Sri Lanka: From Dust To Luxury

A hymn to the gently hilly, wooded countryside, the large horizontal building, with its clean lines and forgiving openness, is a perfect example of the Sri Lankan modernism that Bawa helped pioneer. Refined, elegant, privileged, and gay, Bawa studied in England but chose to stay in Sri Lanka, where he pressed his high-society compatriots to celebrate their locality rather than mindlessly ape European models. Bawa is widely known in Sri Lanka as the father of “tropical modernism,” a style defined by Spartan austerity infused with a jungled richness. Bawa, also a garden designer, cultivated his landscapes in typical Sri Lankan fashion, to run riotously and wild Combining the spare and the raucous in equal measure, his most famous buildings on the pilgrimage circuit—Lunuganga, his country estate near Bentota; Number 11, his own home in Colombo {open by appointment); his Last House, on the ocean in Tangalle (now a boutique hotel); and most grandly, the Sri Lankan Parliament—are kind of a metaphor for the whole culture.

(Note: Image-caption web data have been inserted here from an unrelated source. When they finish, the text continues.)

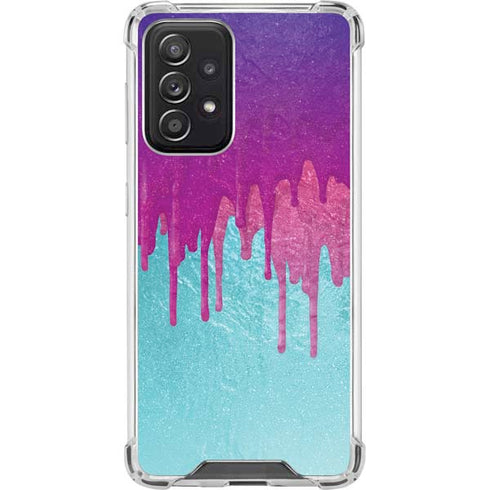 Paint Splatter Purple Galaxy A52 5G Clear Case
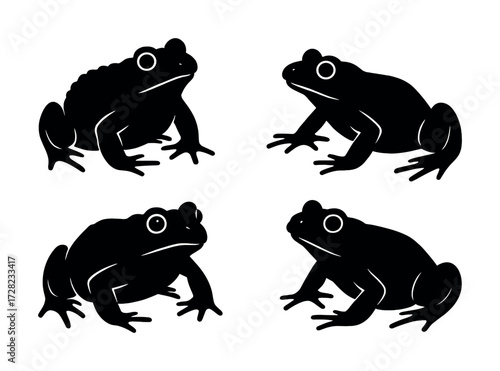 Silhouette of four frogs in various poses on white background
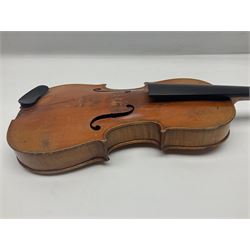 German violin c1900 for re-assembly with 36cm two-piece maple back and ribs and spruce top; L59cm; in ebonised wooden 'coffin' case with two bows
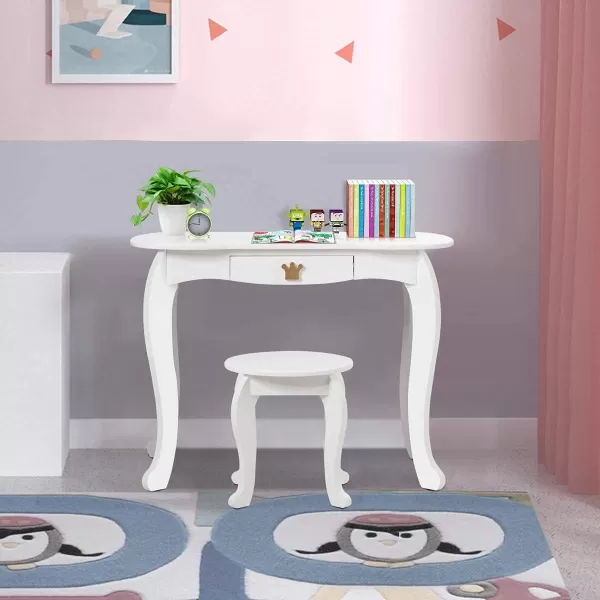 INFANS 2-in-1 Kids Vanity Table &amp; Stool Set, Toddler Wooden Dressing Table with Tri-Fold Mirror &amp; Drawer, Detachable Large Top, Princess Pretend Play Makeup Dresser for Little Girls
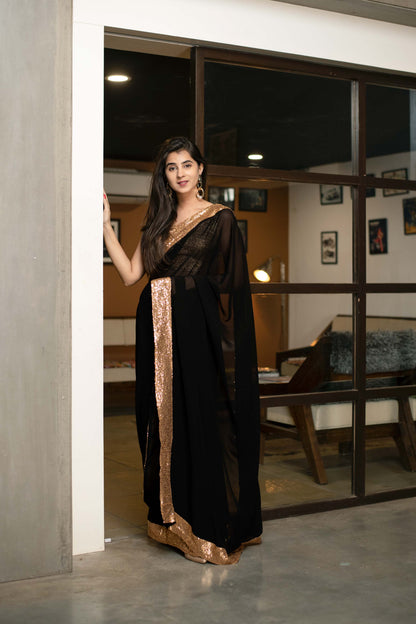 Women's Black Georgette Saree With Blouse by Label Sha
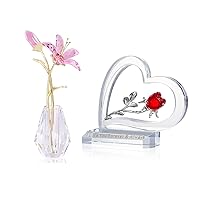 YWHL Crystal Lily Flower Figurine with Vase, Heart Shaped Red Rose Gifts for Women, I Love You Gift for Engagement/Wedding/Anniversary/Mother's Day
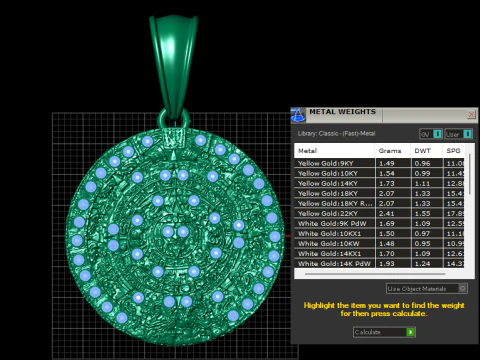 Aztec calendar pendant 3D Print Model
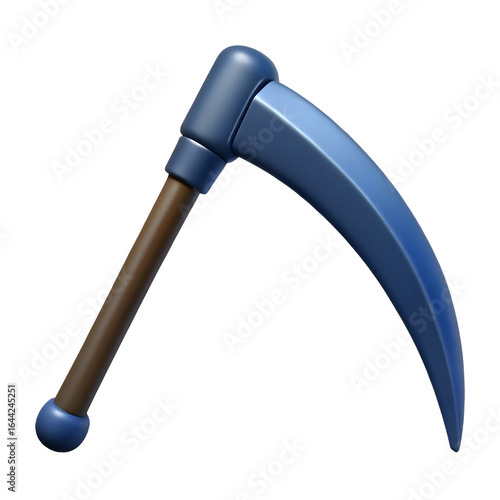 a large black scythe with a curved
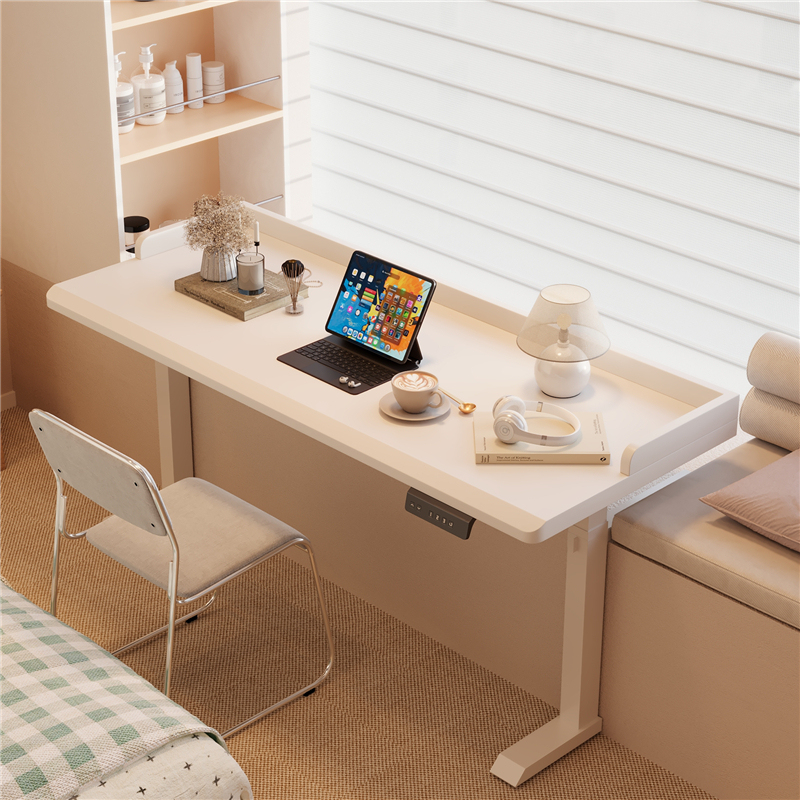 Solid Wood Electric Adjustable Bay Window Table, Bedroom Smart Height-Adjustable Children's Study Table, Standing Balcony Desk Solid Wood Electric Adjustable Bay Window Table, Bedroom Smart Height-Adjustable Children's Study Table, Standing Balcony Desk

INTO THE WILD – For an island that has been inhabited for thousands of years, Sri Lanka has a surprisingly robust population of wild animals that exist reasonably peacefully with humans. We hit Minneriya National Park, where elephants go in the dry season to eat the sweet grasses exposed by the receding waters of a massive reservoir built some 1,700 years ago by one of the Anuradhapura kings. There is nothing more quietly noble than elephants at sunset, their loose skin giving them an aura of seniority, their small eyes blinking attentively, their trunks looking at once balletic and clumsy. We counted 125 in the course of an hour, though we could have counted a similar number of jeeps congregated to watch them. The coastal Yala National Park has the highest concentration of leopards of any park in the world.

Minneriya National Park
Minneriya National Park

Our knowledgeable ranger was supplied by our hotel, the Chena Huts, and he advised us to rise before dawn to see the animals. Groggy and exhausted as we boarded our four-by-four, we came quickly to life at the parade of fauna, and when a leopard sauntered across the road not ten feet in front of us, we were silenced by his sinuous majesty. In two days, we saw four of them, along with Christchurch elephants, a golden-backed jackal, innumerable peacocks, herds of spotted deer, wild and domesticated buffalo, wild boar, some deceptively docile-looking crocodiles, mongooses galore, a sand boa, and a great fiesta of gray langur monkeys, not to mention the birds: green bee-eaters, Sri Lankan junglefowl (the national bird), painted storks, and a grand-looking gray-headed fish eagle.